The present invention is based on the use of inorganic nanoparticle materials to facilitate the formulation of ophthalmic and otic compositions, particularly compositions adapted for topical application to ophthalmic or otic tissues. The use of synthetic inorganic nanoparticles is preferred. The inorganic nanoparticles described herein are particularly well suited for use in ophthalmic and otic pharmaceutical compositions wherein control of the rheological properties of the compositions is needed. The nanoparticles may be utilized for this purpose, either alone or in combination with well-known rheological additives, such as cellulosics, acrylic polymers, guars, carrageenans, alginates, xanthan gums, and polyvinyl pyrrolidone polymers.

The present invention is particularly directed to the use of inorganic nanoparticles to modify the viscosity, shear thinning and other Theological properties of artificial tears and ocular lubricants, so as to simulate the physical properties of mucin in normal tear fluids. The invention is also directed to improving the comfort of contact lens wearers and dry eye patients by enhancing the lubricating and wetting properties of ophthalmic compositions.
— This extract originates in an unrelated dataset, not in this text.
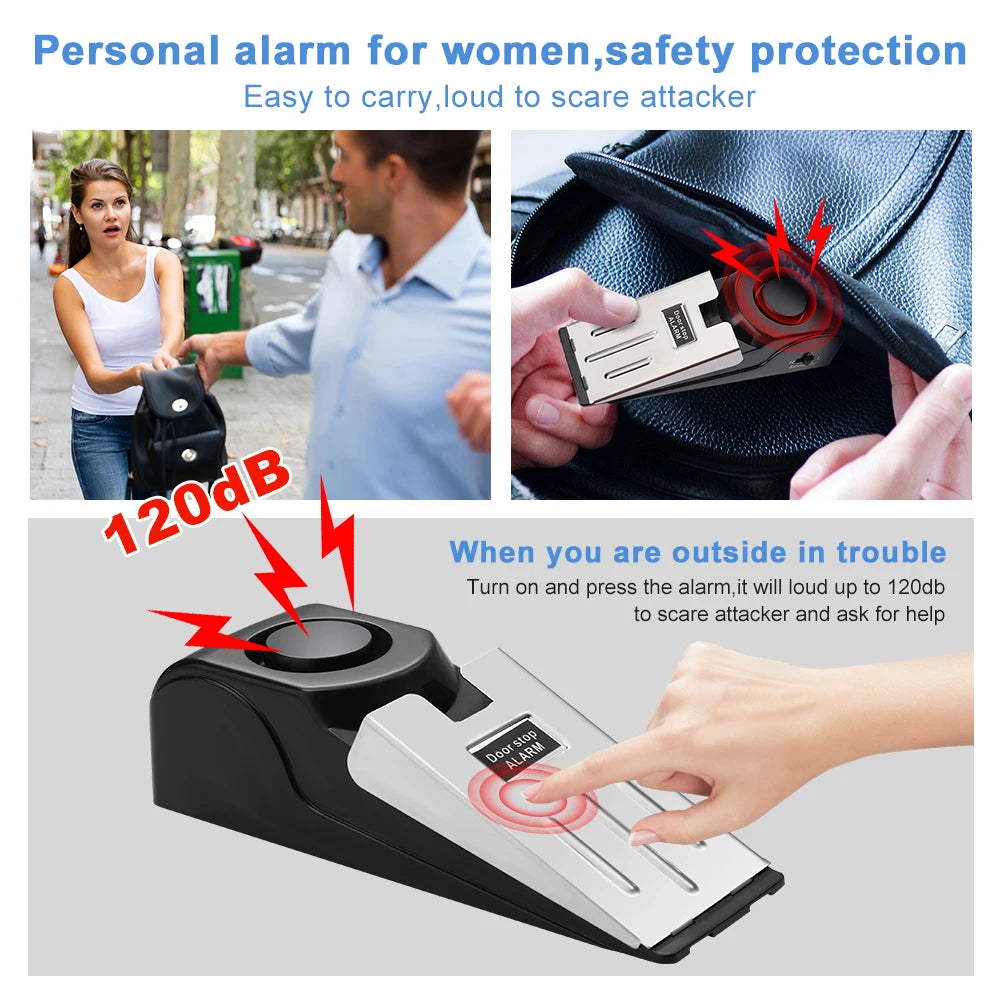 Alarma de Cuña para Puerta "Safe-Stop" - 120dB para Hogar y Viajes.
It has been shown that mucin in tears plays a major physical function in producing shear-thinning behavior. Model solutions containing mucin have been shown to have viscosity-shear rate curves which are similar to human tears (see the work reported by Tiffaizy, et. al, in Lacrimal Gland, Tear Film, and Dry Eve Syndromes 2, page 229, (Sullivan, et al., editors; Plenium Press, NY, 1998). Viscosity shear rate curves showed that both unstimulated and stimulated human tears have viscosities that decrease from approximately 9 mP*sec at very low shear rates (e.g., less than 0.2 sec−1) to a newtonian plateau viscosity of approximately 1.0 at higher shear rates (e.g., greater than 10 sec1). One of the objectives of the present invention is to provide ophthalmic compositions that duplicate or simulate these properties.
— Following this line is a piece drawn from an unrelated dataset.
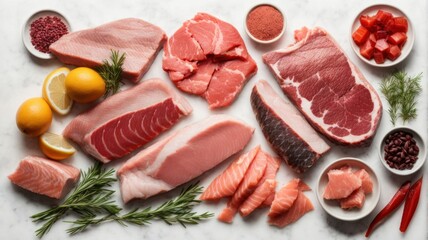 Top view of different raw meats and fish on white background, carnivore diet concept.   generative, AI.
The present invention is based in part on a finding that aqueous dispersions of the inorganic nanoparticles described herein have shear thinning properties that are quite useful in connection with ocular or otic lubricant products, particularly artificial tear formulations and formulations utilized during ocular surgical procedures. An example of the latter type of formulation is a lubricating, shear thinning formulation utilized to facilitate the formation of a corneal flap with a microkeratome, in conjunction with LASIK surgery.

BRIEF DESCRIPTION OF THE DRAWINGS

FIG. 1 is a graph showing the results of shear thinning measurements described in Example 2; and

FIG. 2 is a graph showing the results of the shear thinning measurements described in Example 3.

DETAILED DESCRIPTION OF THE INVENTION

The nanoparticles utilized in the present invention are inorganic materials. The particles have colloidal dimensions, a large surface area and a high ion exchange capacity. The particles are generally referred to hereinafter as “synthetic inorganic nanoparticles”.

The inorganic nanoparticles used in the present invention preferably have particle dimensions less than 100 nanometers (“nm”), but greater than 1 nm. The morphology of the nanoparticles is not limited to being spherical; plate-like, cubic, ellipsoid or other particle shapes are also useful. The particles have surface areas ranging from 30-1000 square meters/gram (“m2/g”), and have an overall negative surface charge at a pH in the range of 6.0 to 7.8.

The inorganic nanoparticles utilized in the present invention may also be surface modified, depending on the particular type of composition involved and stability requirements. Different types of nanoparticles may be combined to optimize the formulation properties.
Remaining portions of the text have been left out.